[YOUR TASK] The reply must reproduce each line below exactly.
—————
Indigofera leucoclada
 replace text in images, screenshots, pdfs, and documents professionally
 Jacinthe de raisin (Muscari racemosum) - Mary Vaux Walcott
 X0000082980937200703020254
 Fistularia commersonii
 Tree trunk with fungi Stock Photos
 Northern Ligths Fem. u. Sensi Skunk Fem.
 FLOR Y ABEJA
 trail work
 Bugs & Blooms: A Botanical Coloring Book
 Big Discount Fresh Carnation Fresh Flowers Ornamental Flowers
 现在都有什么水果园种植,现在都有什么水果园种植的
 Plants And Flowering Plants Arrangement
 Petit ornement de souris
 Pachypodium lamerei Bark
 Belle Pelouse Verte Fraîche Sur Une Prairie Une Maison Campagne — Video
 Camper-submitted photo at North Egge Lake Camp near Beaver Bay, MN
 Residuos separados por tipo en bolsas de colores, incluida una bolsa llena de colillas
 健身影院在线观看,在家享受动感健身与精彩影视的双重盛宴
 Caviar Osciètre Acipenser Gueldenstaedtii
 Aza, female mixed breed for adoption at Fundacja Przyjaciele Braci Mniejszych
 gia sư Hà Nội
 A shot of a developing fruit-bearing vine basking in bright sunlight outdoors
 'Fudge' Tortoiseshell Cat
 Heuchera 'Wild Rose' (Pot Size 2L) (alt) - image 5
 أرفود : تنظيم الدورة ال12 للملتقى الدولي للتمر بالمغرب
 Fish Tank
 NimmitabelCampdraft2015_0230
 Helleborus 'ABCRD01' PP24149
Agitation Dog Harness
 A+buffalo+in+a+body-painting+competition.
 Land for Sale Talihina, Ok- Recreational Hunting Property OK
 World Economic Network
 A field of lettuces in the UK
—————
[WRITTEN REPLY]
Indigofera leucoclada
 replace text in images, screenshots, pdfs, and documents professionally
 Jacinthe de raisin (Muscari racemosum) - Mary Vaux Walcott
 X0000082980937200703020254
 Fistularia commersonii
 Tree trunk with fungi Stock Photos
 Northern Ligths Fem. u. Sensi Skunk Fem.
 FLOR Y ABEJA
 trail work
 Bugs & Blooms: A Botanical Coloring Book
 Big Discount Fresh Carnation Fresh Flowers Ornamental Flowers
 现在都有什么水果园种植,现在都有什么水果园种植的
 Plants And Flowering Plants Arrangement
 Petit ornement de souris
 Pachypodium lamerei Bark
 Belle Pelouse Verte Fraîche Sur Une Prairie Une Maison Campagne — Video
 Camper-submitted photo at North Egge Lake Camp near Beaver Bay, MN
 Residuos separados por tipo en bolsas de colores, incluida una bolsa llena de colillas
 健身影院在线观看,在家享受动感健身与精彩影视的双重盛宴
 Caviar Osciètre Acipenser Gueldenstaedtii
 Aza, female mixed breed for adoption at Fundacja Przyjaciele Braci Mniejszych
 gia sư Hà Nội
 A shot of a developing fruit-bearing vine basking in bright sunlight outdoors
 'Fudge' Tortoiseshell Cat
 Heuchera 'Wild Rose' (Pot Size 2L) (alt) - image 5
 أرفود : تنظيم الدورة ال12 للملتقى الدولي للتمر بالمغرب
 Fish Tank
 NimmitabelCampdraft2015_0230
 Helleborus 'ABCRD01' PP24149
Agitation Dog Harness
 A+buffalo+in+a+body-painting+competition.
 Land for Sale Talihina, Ok- Recreational Hunting Property OK
 World Economic Network
 A field of lettuces in the UK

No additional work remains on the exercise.